**Stored items from a collection**
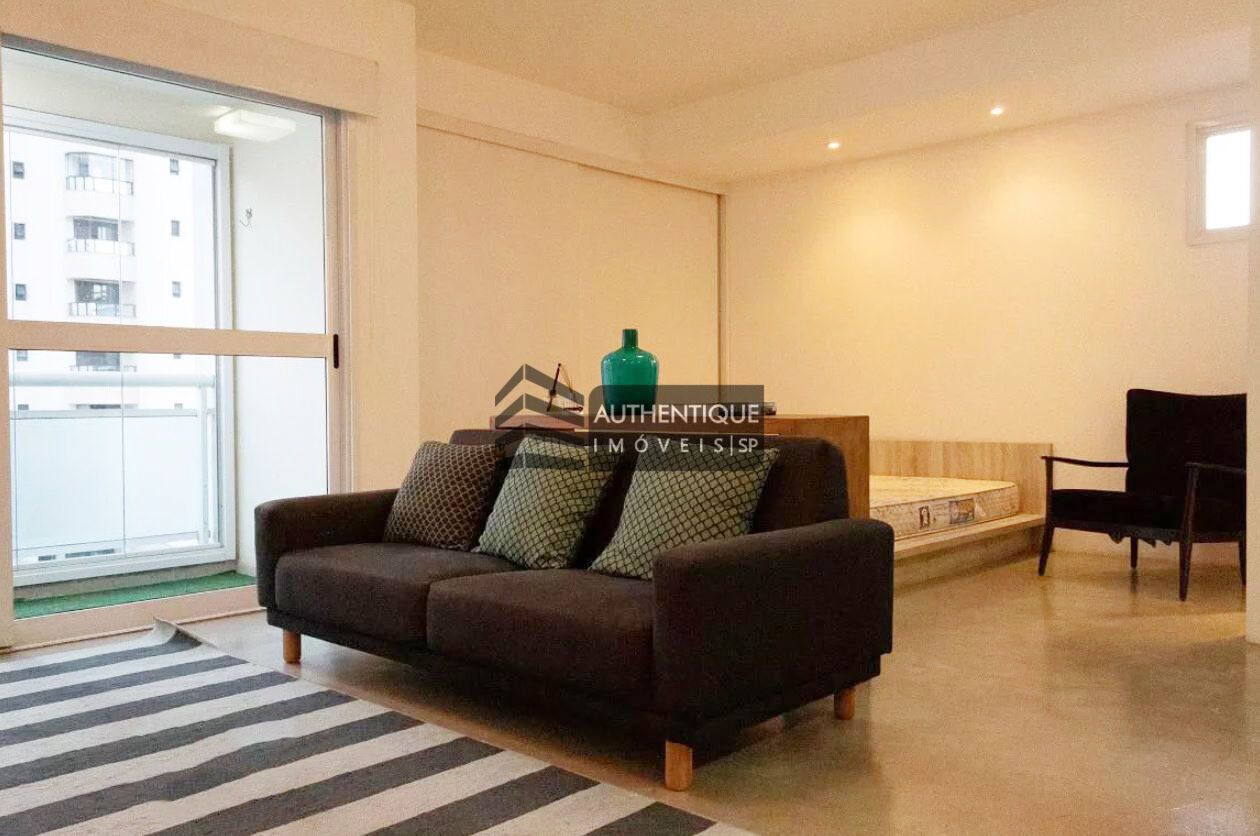 Apartamento à venda com 1 quarto, 60m² - Foto 2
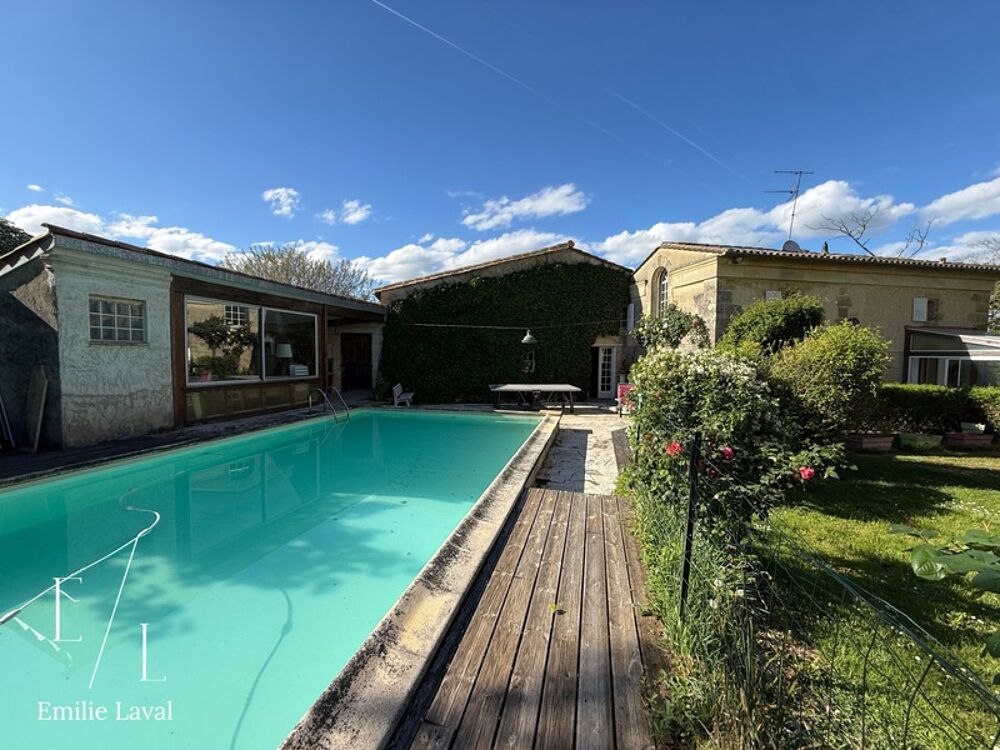 Vente Maison Maison en pierre avec appartement attenant à SAINT PEY DE CASTETS (33) Saint pey de castets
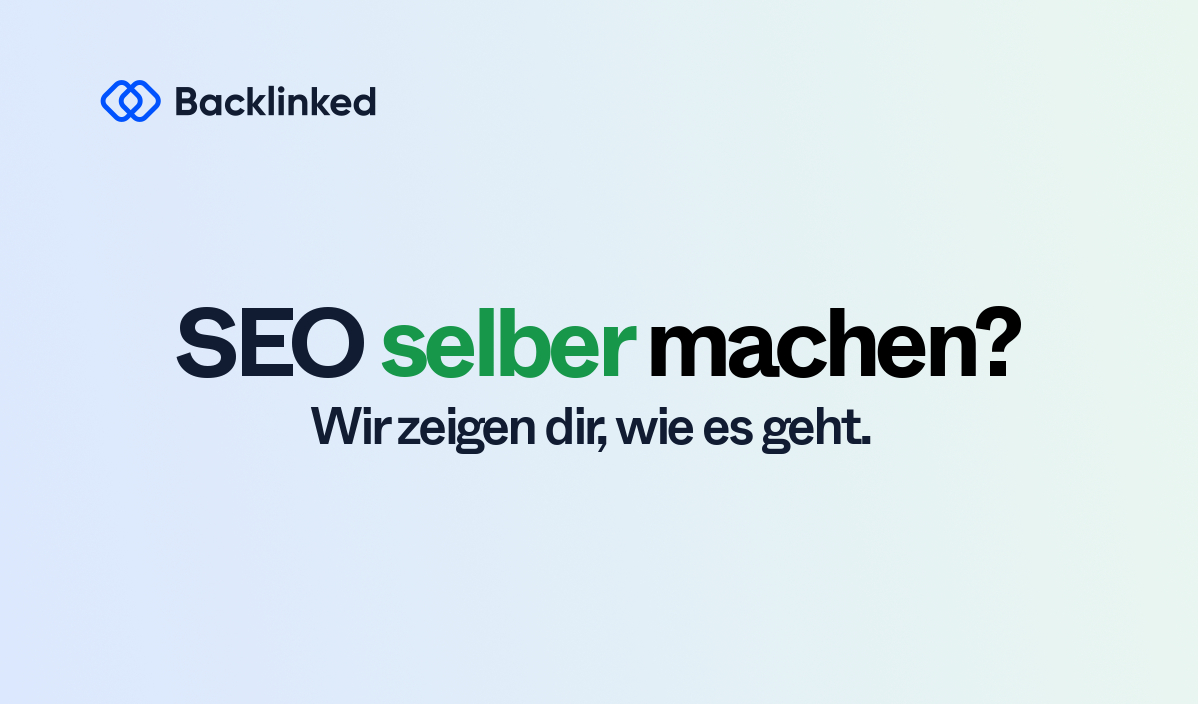 SEO selber machen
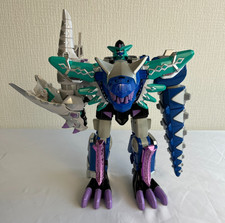 Power Rangers Dino Thunder Abaranger DX BakurenOh Megazord Figure Used Japan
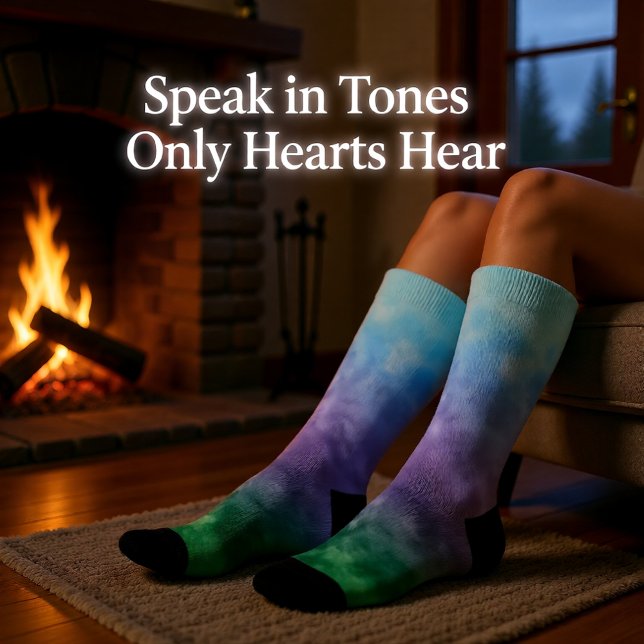 Flüstern von Pastel Vale Socken (Von Creator hochgeladen)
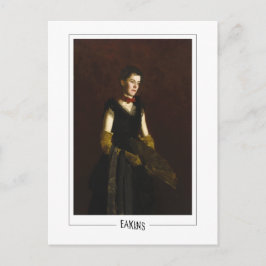Thomas Eakins #14 - Kunst Postkaart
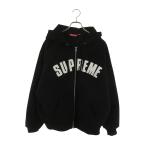 シュプリーム サイズ:L 24AW Arc Thermal Zip Up Hooded Sweatshirt アーチロゴサーマルジップアップパーカー 中古 SB01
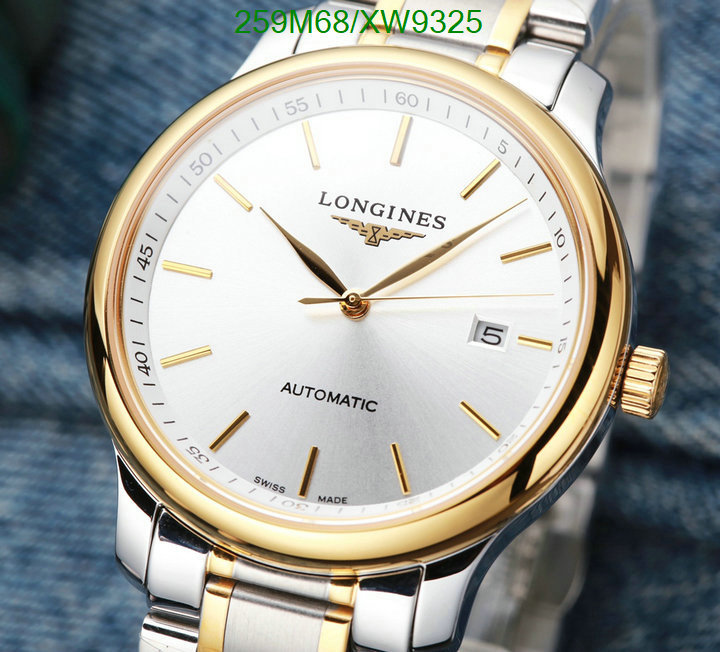 Longines-Watch-Mirror Quality Code: XW9325 $: 259USD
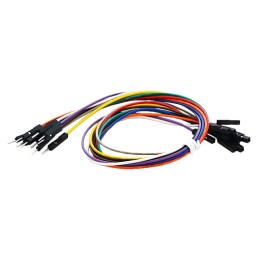 1 pcs : BC-32671 - JUMPER M/F 11.811' 26AWG 10PCS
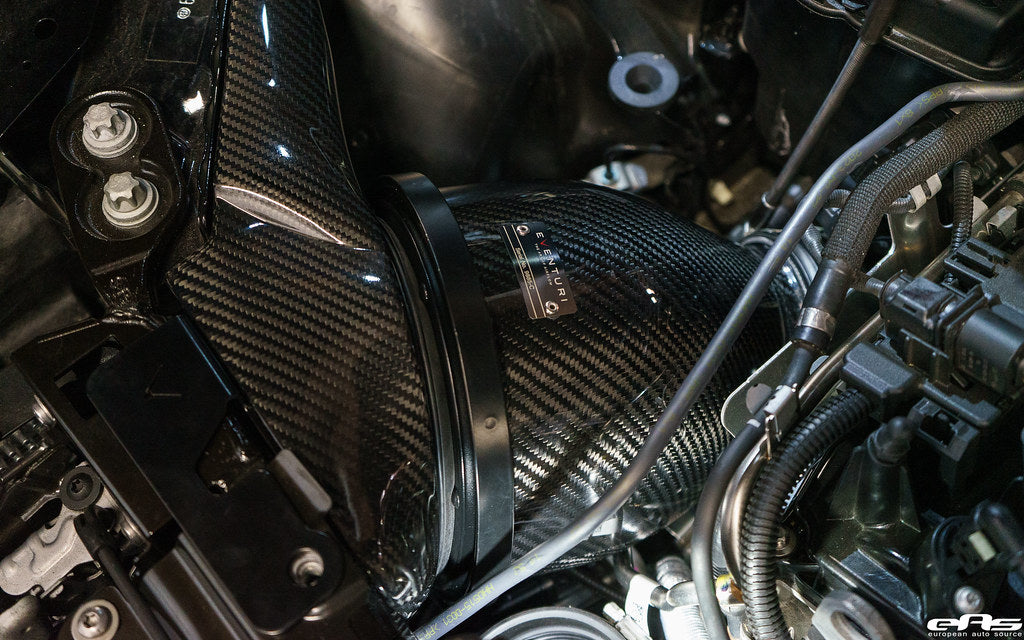 Eventuri - Carbon Fiber Cold Air Intake (V2) - BMW G8X M2/M3/M4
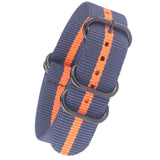 Buy 2 Get 10% OFF) Nato black Ring Buckle 18mm 20mm 22mm 24mm Watchbands Men Women Watches Strap Wristwatch Band Buckle zulu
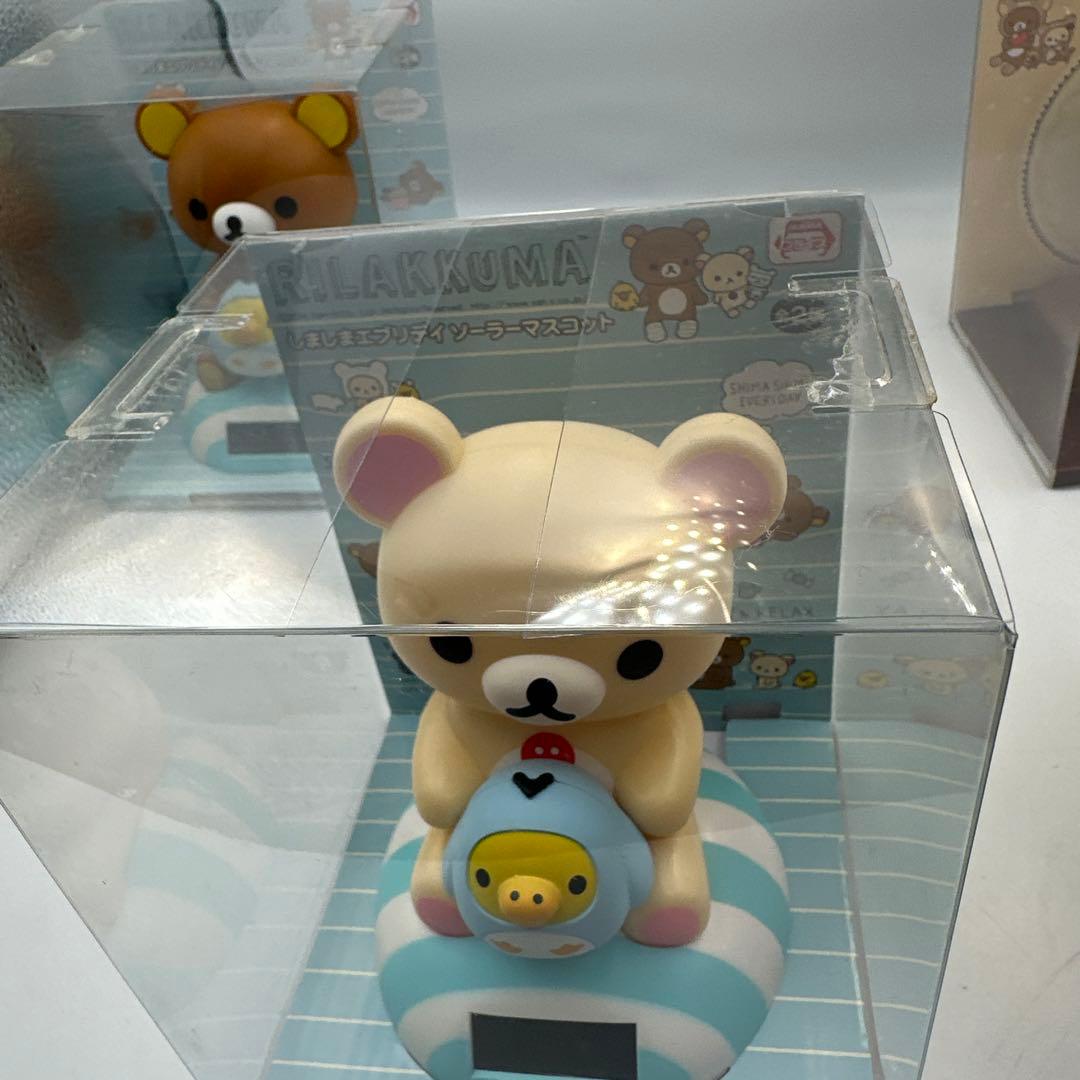 リラックマソーラーマスコットあつめてアニバーサリーぬいぐるみ（仙台店4周年記念）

**BRIEF**
Begin at the line containing "Thomas Eakins #14 - Kunst Postkaart" and write out every line to the end of the data exactly. Skip the pictures.

**ANSWER TO THE EXERCISE**
Thomas Eakins #14 - Kunst Postkaart
 シュプリーム サイズ:L 24AW Arc Thermal Zip Up Hooded Sweatshirt アーチロゴサーマルジップアップパーカー 中古 SB01
 Longines-Watch-Mirror Quality Code: XW9325 $: 259USD
 1 pcs : BC-32671 - JUMPER M/F 11.811' 26AWG 10PCS
 Eventuri - Carbon Fiber Cold Air Intake (V2) - BMW G8X M2/M3/M4
 Buy 2 Get 10% OFF) Nato black Ring Buckle 18mm 20mm 22mm 24mm Watchbands Men Women Watches Strap Wristwatch Band Buckle zulu
 リラックマソーラーマスコットあつめてアニバーサリーぬいぐるみ（仙台店4周年記念）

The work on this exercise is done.